Always on My Mind, by Pet Shop Boys (their 3rd of four #1s)
4 weeks, from 13th December 1987 – 10th January 1988
Not just ‘covering’ a classic. More grabbing a classic by the scruff of the neck, dressing it up in glitter and lycra, and shoving it onto the dancefloor. Cover versions work best when they take a song away from its usual environs, and this take on what was originally a hit for Elvis Presley certainly does that. From soaring balladry, to pounding Hi-NRG disco…

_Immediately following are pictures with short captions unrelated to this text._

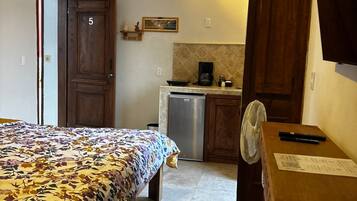 Een slaapkamer met een bed, een bureau, een stoel, een kleine kitchenette en een badkamer.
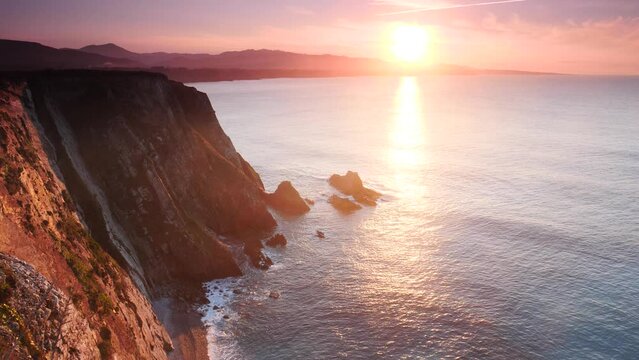 Sunset over rocky cliffs at Asturias coast in north Spain. View from Faro de Cabo Busto. Tourist attraction, place to visit.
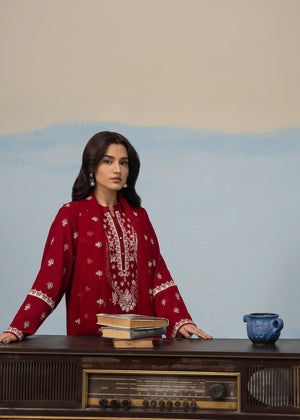 Maroon long kurta suit with white embroidery details and coordinated bottoms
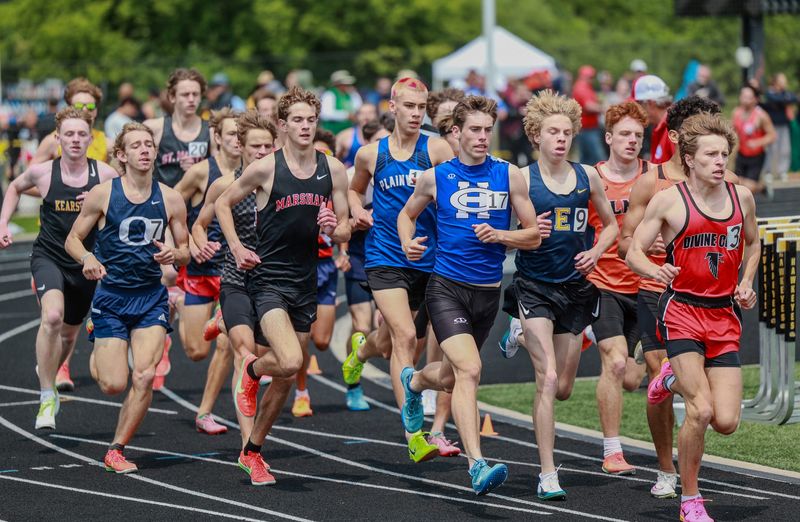 Harper Creek's Dominic Lowrie and Marshall's Jack Bidwell compete in the 1,600 at Division 2 state track championships at Hamilton High School on Saturday, May 31.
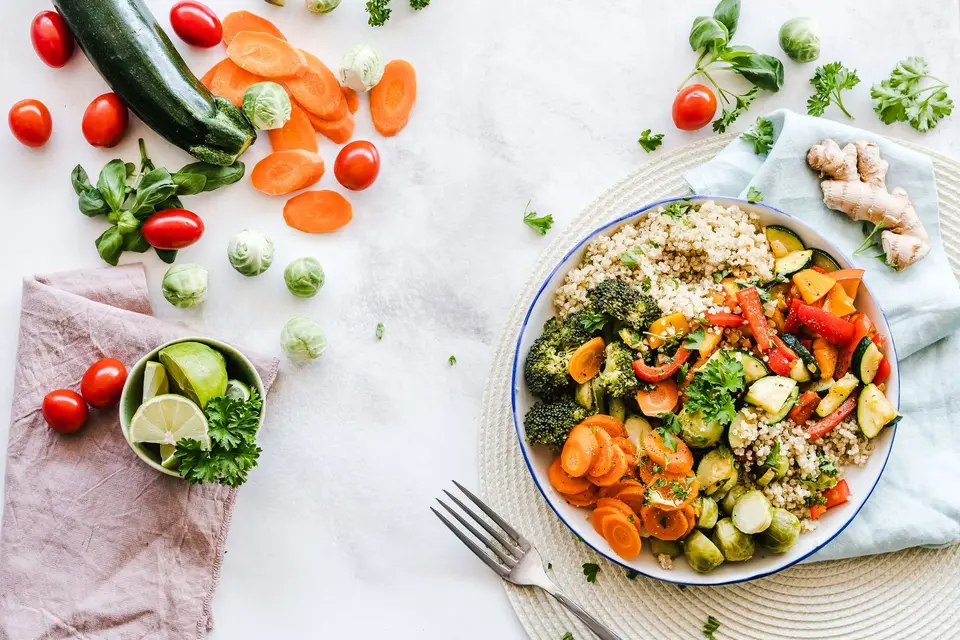 Overhead photo of pasta with basil and vegetables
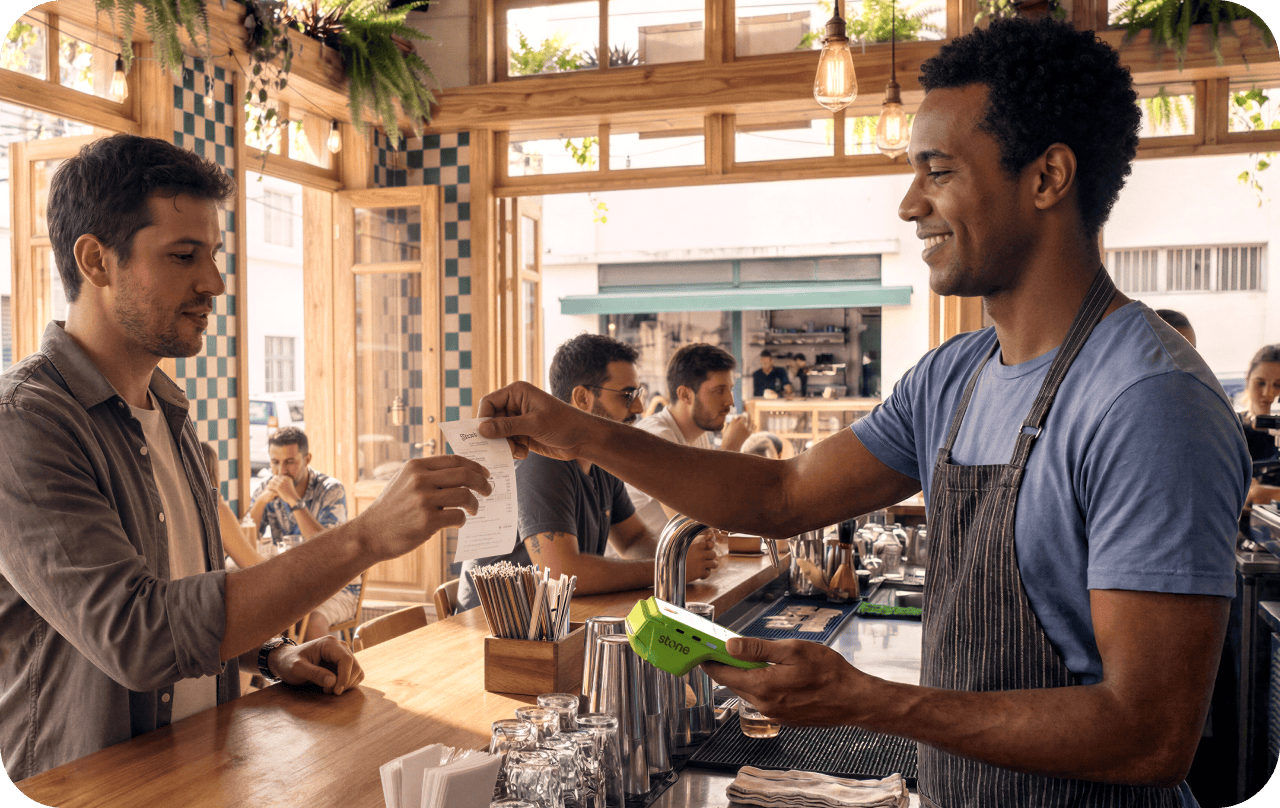 Garçom em bar entregando comprovante ao cliente em balcão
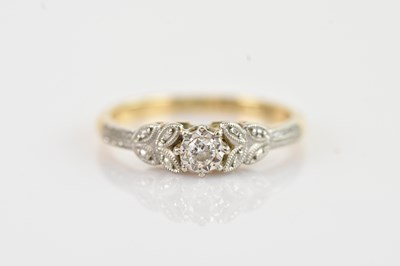 Lot 244 - A 9ct yellow gold and platinum diamond dress...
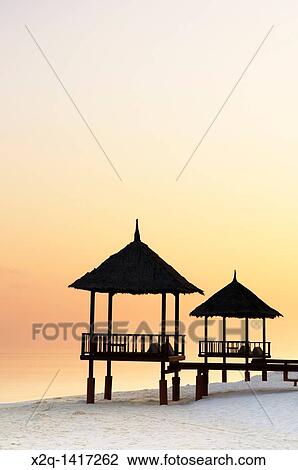 Stock Image - Gazebo with straw roof at a resort in the Maldives. Fotosearch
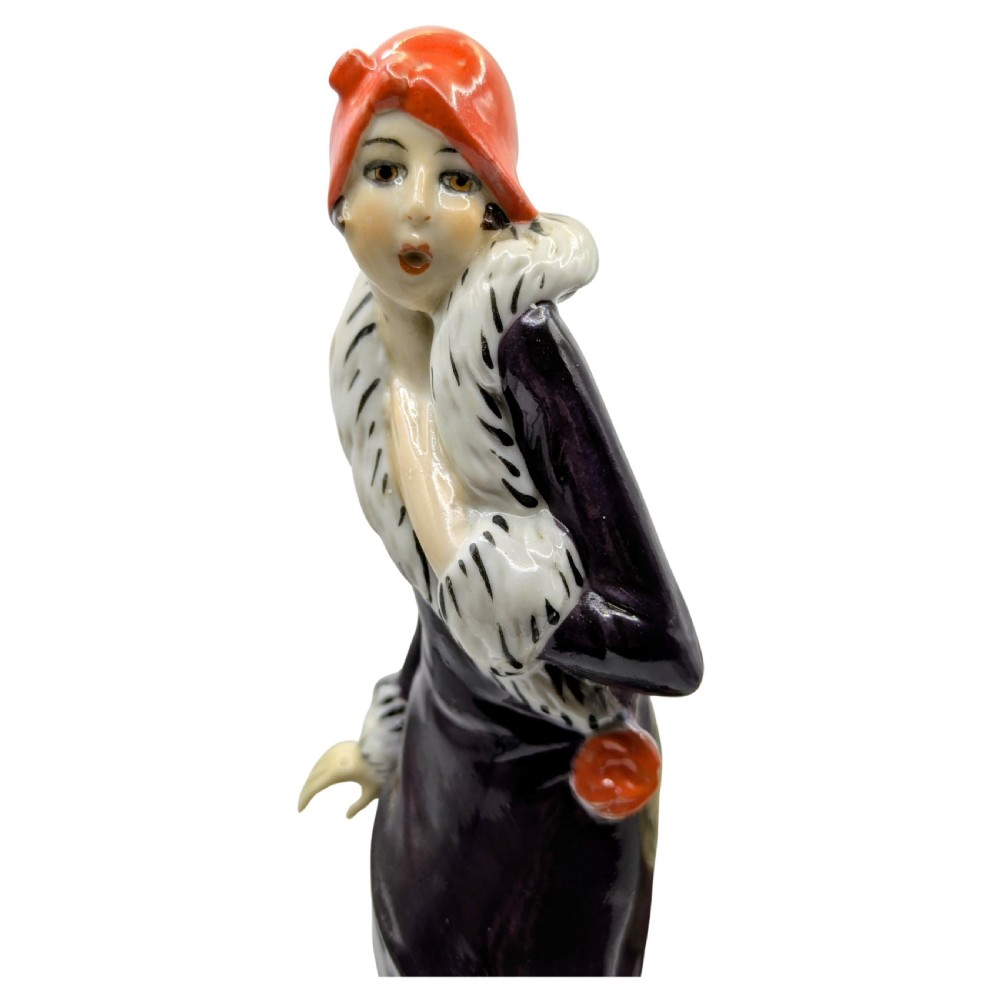 An Art Deco painted porcelain trinket box featuring a flapper lady in a black coat and red cloche hat alongside a small dog. View II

Great cover versions are also almost always of great originals. The shift in tones, in styles and in genres brings out different shades of meaning, different ways of appreciating the song, but at heart they remain very good in whatever dressing a band hangs on them. Elvis’s version is slick seventies bombast, made for belting out at his Vegas residencies; and the Pet Shop Boys’ take keeps the song’s humungous presence, swapping lush orchestration for thumping synths, while Neil Tennant’s detached performance of the heartfelt vocals adds an almost comic element.
Do they also change the words? The Elvis version is quite clearly: Maybe I didn’t love you, Quite as often as I could have… Whereas PSBs seem to be singing Quite as often, As I couldn’t… I just be mishearing it, but if they are changed they add a different meaning to the song, and it’s not quite as apologetic.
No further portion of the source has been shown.